Chapelle-lez-Herlaimont : Bruno Vanhemelryck saisit le ministre des Pouvoirs locaux pour défendre le droit d'initiative des conseillers communaux
À Chapelle-lez-Herlaimont, la rentrée des classes dit aussi rentrée politique. Une fois de plus, l'opposition CAT peste sur la majorité PS et demande l'arbitrage de la Région wallonne. Le conseiller communal Bruno Vanhemelryck (CAT-Action Citoyenne) annonce avoir saisi, le 18 août, le ministre wallon des Pouvoirs locaux François Desquesnes. Au cœur de sa démarche : le droit d'initiative des conseillers communaux et la manière dont leurs propositions sont traitées par les autorités chapelloises.
Le dernier différend porte sur une proposition qui, en apparence, n'a rien de révolutionnaire : l'installation de plusieurs bancs publics adaptés dans le parc Jaubert, notamment pour répondre aux demandes d'habitants âgés du quartier.
Le 22 juillet, Bruno Vanhemelryck avait transmis cette proposition au bourgmestre afin qu'elle puisse être examinée lors du conseil communal de septembre. "Mais, le 18 août, le bourgmestre et la directrice générale m'ont répondu qu'un point complémentaire ne pouvait être valablement introduit qu'après l'arrêt de l'ordre du jour initial par le collège communal. Selon leur courrier, une demande formulée auparavant ne pouvait, par nature, produire d'effet juridique".

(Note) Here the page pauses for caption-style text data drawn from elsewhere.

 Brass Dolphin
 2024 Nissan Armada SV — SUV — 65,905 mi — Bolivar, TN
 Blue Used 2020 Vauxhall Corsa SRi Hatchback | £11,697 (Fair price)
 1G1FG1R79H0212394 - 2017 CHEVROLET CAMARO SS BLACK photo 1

Une interprétation que le conseiller communal conteste et dont il demande désormais au ministre une clarification officielle.

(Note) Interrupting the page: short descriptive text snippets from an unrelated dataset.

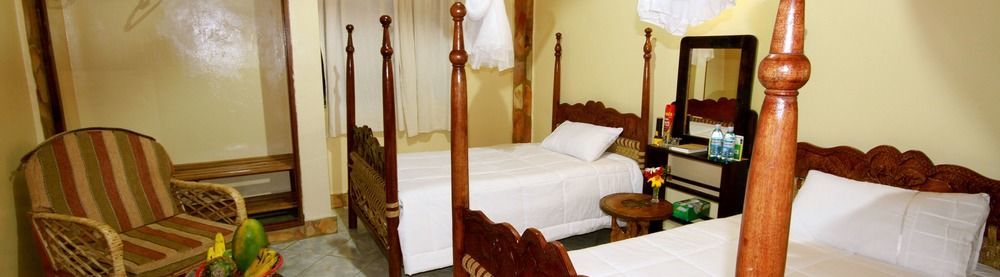 Silverback Lodge Buhoma Buitenkant foto
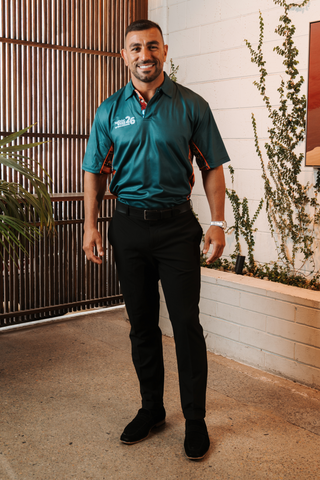 Gadi NAIDOC 2026 Bamboo (Simpson) Polo Shirt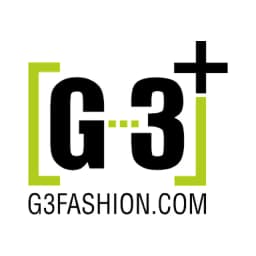 G3+ Fashion logo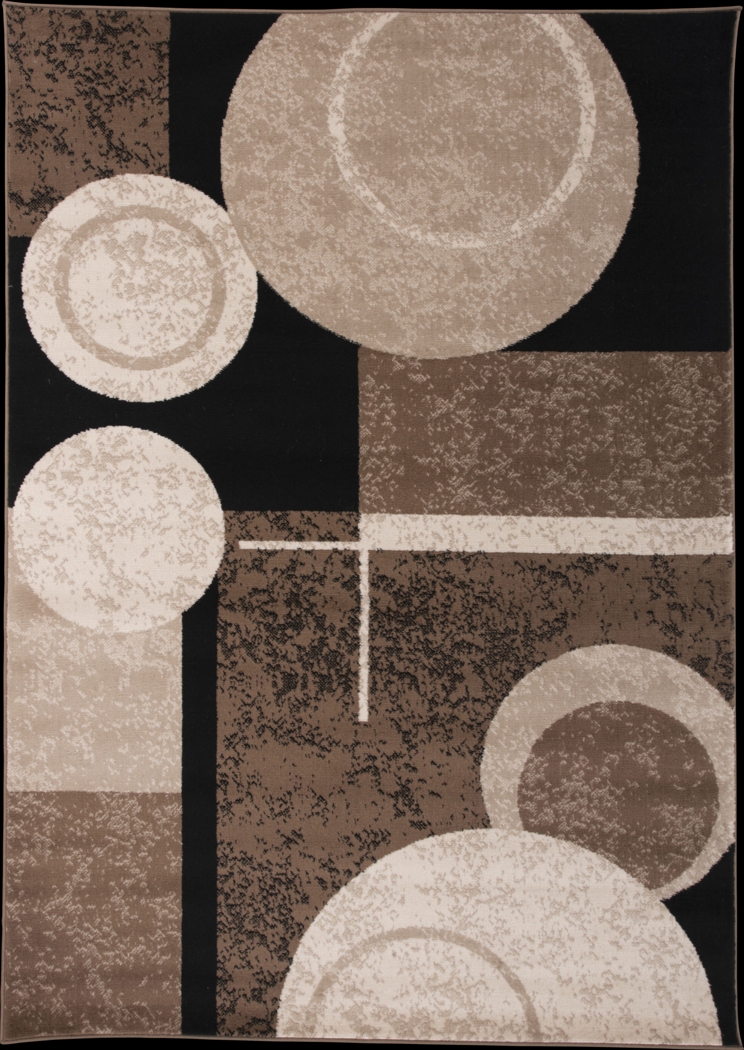 Bade Brown 3' x 5'  Rug - Thumbnail - Image 1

Trois épisodes en quelques mois
Car, selon Bruno Vanhemelryck, le problème ne se limite pas au parc Jaubert. Il affirme avoir rencontré des difficultés similaires en avril et en juin derniers.
En avril, une proposition déposée en vue du conseil communal du 20 avril n'avait initialement pas été reprise à l'ordre du jour. Après contestation, elle avait finalement été communiquée aux conseillers.
En juin, une difficulté comparable s'était produite pour la séance du 29 juin. Les autorités communales avaient déjà avancé l'interprétation selon laquelle un point complémentaire ne pouvait être introduit qu'après l'arrêt de l'ordre du jour initial. Une première réclamation auprès de la tutelle avait alors été introduite.
Cette école de Braine-le-Comte se cherche un nouveau nom : Les citoyens invités à soumettre leurs idéesEt, en août, le même raisonnement a été opposé à la proposition concernant les bancs du parc Jaubert.
Pour le conseiller CAT, cette répétition justifie désormais un examen global par la Région wallonne. "Le droit d'initiative ne peut devenir un parcours d'obstacles", estime-t-il.
Le Code wallon de la Démocratie locale et de la Décentralisation reconnaît aux conseillers communaux le droit de soumettre des points à l'ordre du jour, sous réserve du respect des conditions prévues par la législation. Le règlement d'ordre intérieur du conseil chapellois encadre également cette possibilité.
La question posée au ministre est donc de savoir ce qu'il advient d'une proposition transmise avant que le collège communal n'ait arrêté l'ordre du jour initial. Peut-elle être prise en considération par le collège et éventuellement intégrée à cet ordre du jour ? Et si elle ne l'est pas, le conseiller peut-il ensuite la réintroduire dans le respect des formalités légales ?
Bruno Vanhemelryck s'appuie notamment sur une réponse ministérielle de 2010, qu'il juge plus nuancée que l'interprétation actuellement appliquée à Chapelle. Il invoque également une réponse parlementaire du 17 février 2026, dans laquelle le ministre rappelait que chaque conseiller dispose d'un droit d'initiative et qu'une éventuelle irrecevabilité doit être dûment motivée et communiquée au déposant.
"Je ne demande aucune faveur"
Dans le dossier du parc Jaubert, le conseiller affirme n'avoir reçu ni délibération du collège déclarant formellement sa proposition irrecevable, ni motivation collégiale détaillée.
Il demande donc au ministre d'obtenir l'intégralité du dossier administratif, de déterminer si le courrier du 18 août constitue une véritable décision d'irrecevabilité et, le cas échéant, d'exiger une décision collégiale motivée. Il souhaite également que les épisodes d'avril, juin et août soient examinés ensemble afin de déterminer s'ils révèlent une difficulté structurelle.
Il demande enfin que sa proposition concernant le parc Jaubert puisse être soumise au conseil communal de septembre sans être écartée pour un nouveau motif procédural.
"Je ne demande aucune faveur. Je demande exclusivement que les règles du jeu démocratique local soient claires, stables, prévisibles et appliquées de manière cohérente", insiste Bruno Vanhemelryck. "C'est la démocratie. Ce qui doit être garanti, c'est que le débat puisse avoir lieu dans un cadre procédural clair et identique pour tous."